I love The Hold Steady. They un-ironically play some of the best, seventies-feeling rock n’ roll out there. Their music is full of joy and bombast and their lyrics, spread out over the course of the band’s five studio albums, make people who follow their lyrics feel like they are immersed in one big, epic Bukowski-by-the-way-of-Eggers novel. I tear into each album hoping to play air guitar while hearing tales of a girl named Hallelujah (but you can call her Holly) and guys named Gideon and Charlemagne, girls who can tell which horse finishes first and all those killer parties, and for the most part I’m rewarded handsomely.
The Hold Steady’s fifth album, Heaven is Whenever, was a strange record. It contains some of my favorite individual Hold Steady songs, but it’s also their weakest album. In a weird way, it was a sign that things needed to be shaken up.

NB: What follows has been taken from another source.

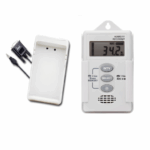 Enviro Forest Thermo Logger Digital Thermometer Hygrometer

Taking a cue from that, The Hold Steady’s lead singer Craig Finn has released Clear Heart, Full Eyes, his first solo album. The album feels warm and familiar – Finn’s voice is unmistakable, but everything else feels different. The bombast is missing and there appears to be all new characters fucking up the same old things in these songs. It’s a bit alarming at first for longtime Hold Steady fans, but upon multiple listens it’s the record that Hold Steady fans need. Why is that? Allow me to explain.

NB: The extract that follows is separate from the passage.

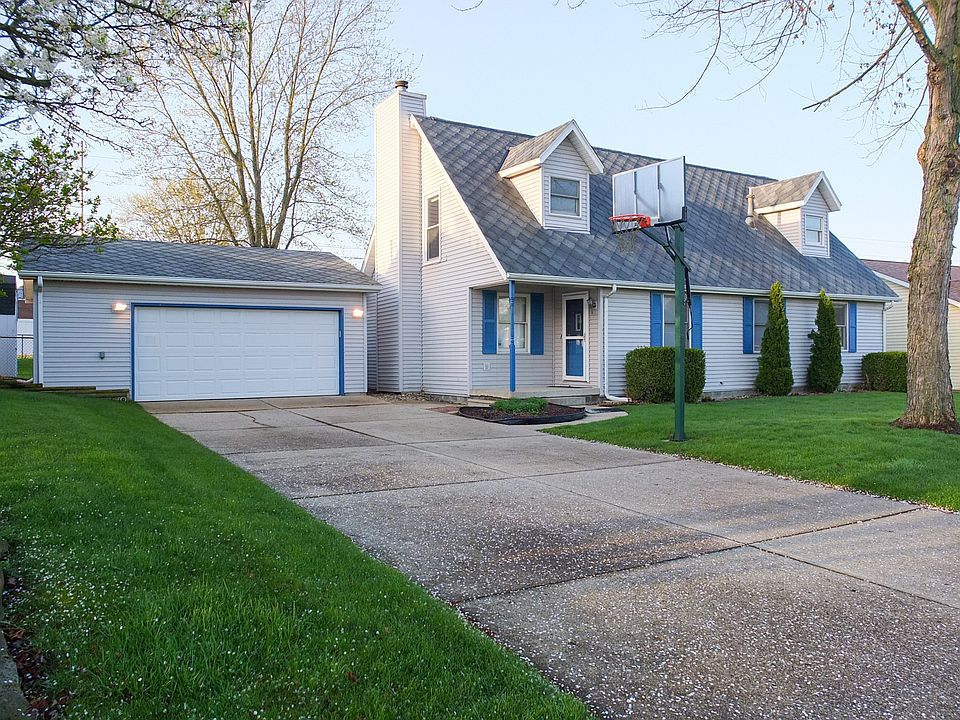 1st image of 1003 Embassy Dr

For the last three or four records, The Hold Steady have felt like a band dying to mature. Finn is singing more instead of just ranting, there are vocal harmonies and the songs feel well-written instead of the big swaths of classic rock impressionism that the band specialized in at the beginning. But in growing up The Hold Steady seem to be losing that intimate, hey bro let me tell you a story quality of their songs. On Clear Heart, Full Eyes Finn is back in his role as the guy at the corner of the bar, doling out anecdotes and parables for the losers. It’s a beautiful thing to hear.

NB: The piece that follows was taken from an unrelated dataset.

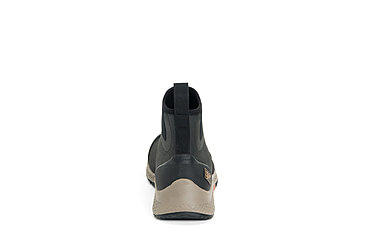 Image of Muck Boots Outscape Chelsea Boot - Mens, Black, 9, OSC-000-BLK-090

Are there missteps on Clear Heart, Full Eyes? Yes. Sometimes the simple instrumentation doesn’t fit the tales that Finn weaves – “Terrified Eyes”, with it’s big vocal refrain at the end, begs for a Hold Steady-style rave-up. Instead, we are left with a garage-y country feeling shuffle. It could be so much more, but here in the intimate setting of a solo album it just sort of hangs there, buried as track six on the album.
Clear Heart, Full Eyes is a good album. It’s solid and nothing is offensive. Maybe as a fan and booster of The Hold Steady I’m not giving its fair shake because I need to guitars and energy, but Finn’s voice is so singular and identifiable that it’s hard to hear it in a more intimate setting like this one. I’m still listening to it, though. Craig Finn has written a damn fine collection of songs, but in a weird way I think that it’d be better if I didn’t know who he was before hearing it.